Parallel Computing Accelerating Computational Science And Engineering Cse written by M. Bader and has been published by IOS Press this book supported file pdf, txt, epub, kindle and other format this book has been release on 2014-03-31 with Computers categories.


Parallel computing has been the enabling technology of high-end machines for many years. Now, it has finally become the ubiquitous key to the efficient use of any kind of multi-processor computer architecture, from smart phones, tablets, embedded systems and cloud computing up to exascale computers. _x000D_ This book presents the proceedings of ParCo2013 – the latest edition of the biennial International Conference on Parallel Computing – held from 10 to 13 September 2013, in Garching, Germany. The conference focused on several key parallel computing areas.
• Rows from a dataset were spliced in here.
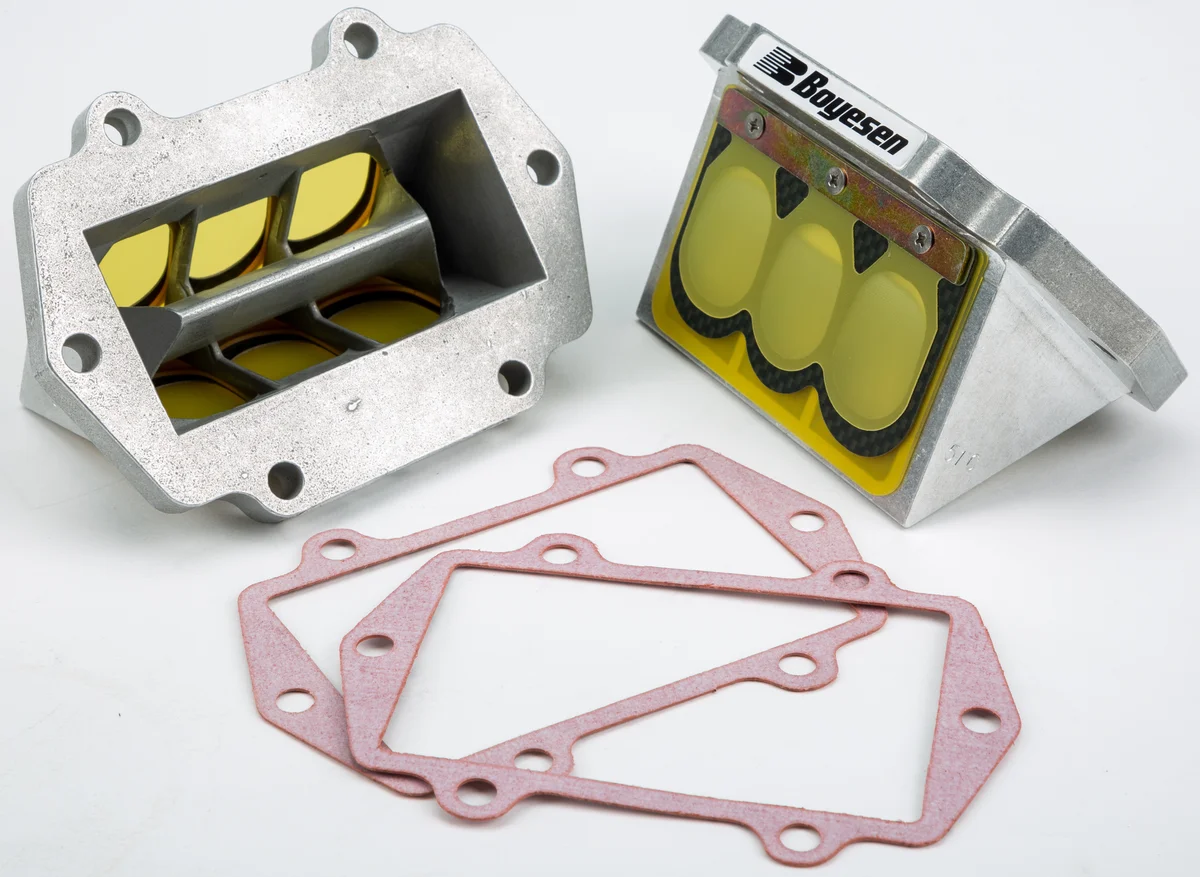 BOYESEN - RAD51C-2 - Rage Cage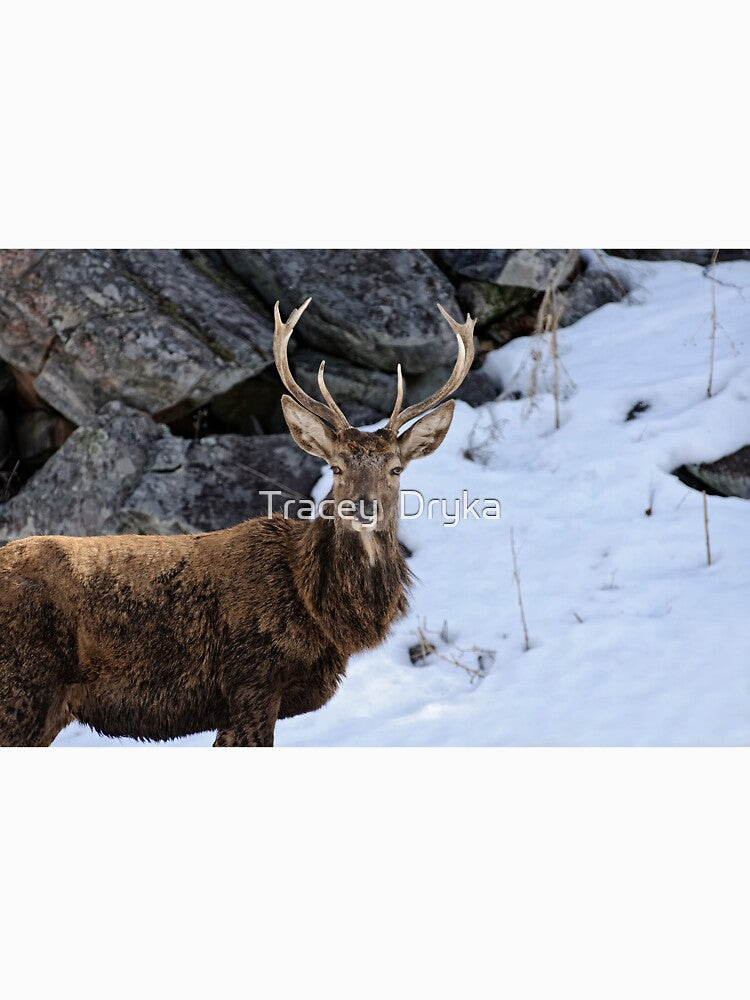 Red deer - Parc Omega, Montebello, PQ by Tracey Dryka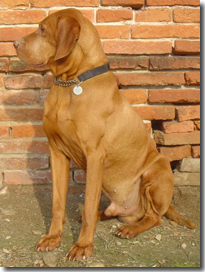 NATALINO
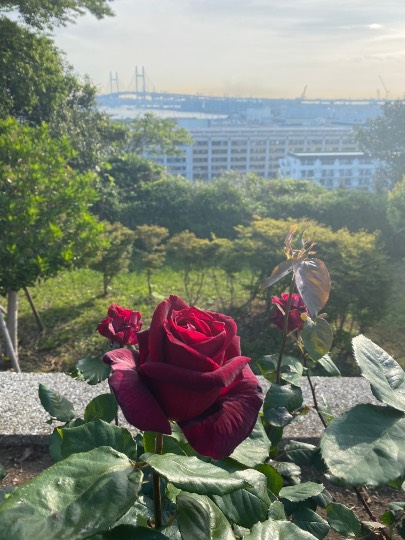 ★ドンキ♡♡ロピア 雑談27★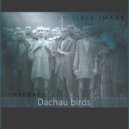 Invisible Image - Dachau birds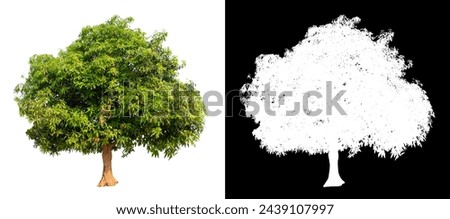 isolated mango tree on white background with clipping path and alpha tree 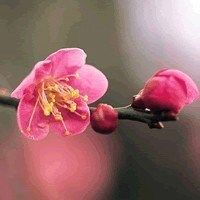 211旅游管理专业,211旅游管理专业毕业生现状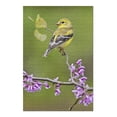 thumbnail image 2 of American Goldfinch (19x27 inches, Premium 500 Piece Jigsaw Puzzle for Adults and Family, Made in USA), 2 of 4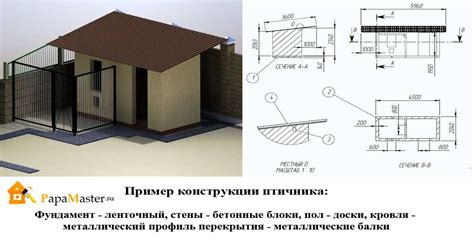 Строительство курятника: шаг за шагом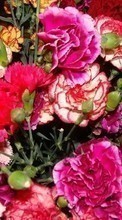 Descargar la imagen Flores,Claveles,Plantas para celular gratis.
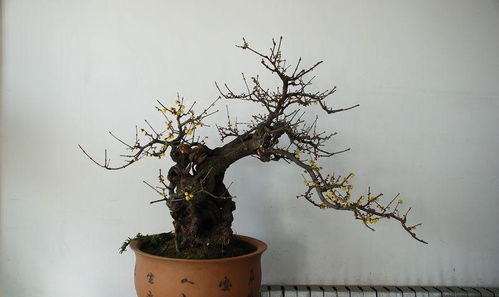 腊梅盆景图片欣赏  腊梅盆景图片欣赏，腊梅盆景的美丽与雅致，图片欣赏--第1张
Themes included parallel programming models for multi- and manycore CPUs, GPUs, FPGAs and heterogeneous platforms, the performance engineering processes that must be adapted to efficiently use these new and innovative platforms, novel numerical algorithms and approaches to large-scale simulations of problems in science and engineering._x000D_ The conference programme also included twelve mini-symposia (including an industry session and a special PhD Symposium), which comprehensively represented and intensified the discussion of current hot topics in high performance and parallel computing. These special sessions covered large-scale supercomputing, novel challenges arising from parallel architectures (multi-/manycore, heterogeneous platforms, FPGAs), multi-level algorithms as well as multi-scale, multi-physics and multi-dimensional problems._x000D_ It is clear that parallel computing – including the processing of large data sets (“Big Data”) – will remain a persistent driver of research in all fields of innovative computing, which makes this book relevant to all those with an interest in this field.



Parallel Algorithms For Vlsi Computer Aided Design


Parallel Algorithms For Vlsi Computer Aided Design
DOWNLOAD
Author : Prithviraj Banerjee
language : en
Publisher: Prentice Hall
Release Date : 1994-01-01

Parallel Algorithms For Vlsi Computer Aided Design written by Prithviraj Banerjee and has been published by Prentice Hall this book supported file pdf, txt, epub, kindle and other format this book has been release on 1994-01-01 with Circuitos integrados categories.


This text discusses the design and use of practical parallel algorithms for solving problems in a growing application area whose computational requirements are enormous - VLSI CAD applications.



Neural Network Parallel Computing


Neural Network Parallel Computing
DOWNLOAD
Author : Yoshiyasu Takefuji
language : en
Publisher: Springer Science & Business Media
Release Date : 1992-01-31

Neural Network Parallel Computing written by Yoshiyasu Takefuji and has been published by Springer Science & Business Media this book supported file pdf, txt, epub, kindle and other format this book has been release on 1992-01-31 with Technology & Engineering categories.


Neural Network Parallel Computing is the first book available to the professional market on neural network computing for optimization problems. This introductory book is not only for the novice reader, but for experts in a variety of areas including parallel computing, neural network computing, computer science, communications, graph theory, computer aided design for VLSI circuits, molecular biology, management science, and operations research. The goal of the book is to facilitate an understanding as to the uses of neural network models in real-world applications. Neural Network Parallel Computing presents a major breakthrough in science and a variety of engineering fields. The computational power of neural network computing is demonstrated by solving numerous problems such as N-queen, crossbar switch scheduling, four-coloring and k-colorability, graph planarization and channel routing, RNA secondary structure prediction, knight's tour, spare allocation, sorting and searching, and tiling. Neural Network Parallel Computing is an excellent reference for researchers in all areas covered by the book. Furthermore, the text may be used in a senior or graduate level course on the topic.